- [WORK TO COMPLETE] How many lines of the data include the string "resource"? State that number alone.
*** SUPPLIED MATERIAL ***
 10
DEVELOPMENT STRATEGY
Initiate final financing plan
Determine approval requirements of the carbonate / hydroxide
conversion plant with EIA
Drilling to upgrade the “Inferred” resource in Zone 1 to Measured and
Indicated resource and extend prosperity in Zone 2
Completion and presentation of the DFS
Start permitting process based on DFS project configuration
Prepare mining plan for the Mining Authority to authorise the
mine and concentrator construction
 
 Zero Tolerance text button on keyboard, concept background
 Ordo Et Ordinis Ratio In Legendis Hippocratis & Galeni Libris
***
*** SUPPLIED MATERIAL ***
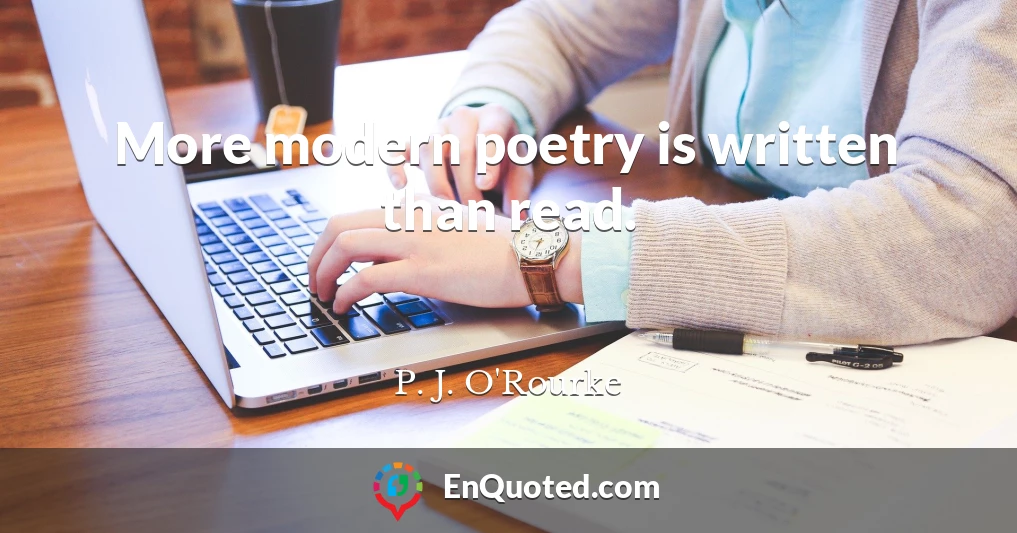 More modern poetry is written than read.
***
*** SUPPLIED MATERIAL ***
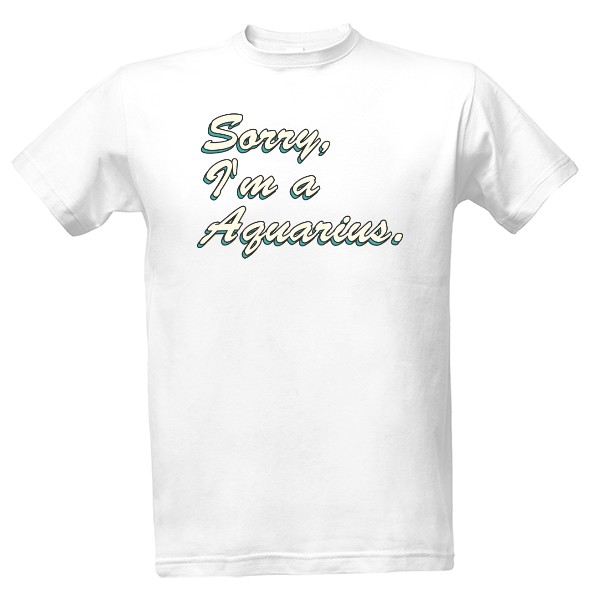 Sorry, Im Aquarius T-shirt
***
- [RESPONSE BOX] 2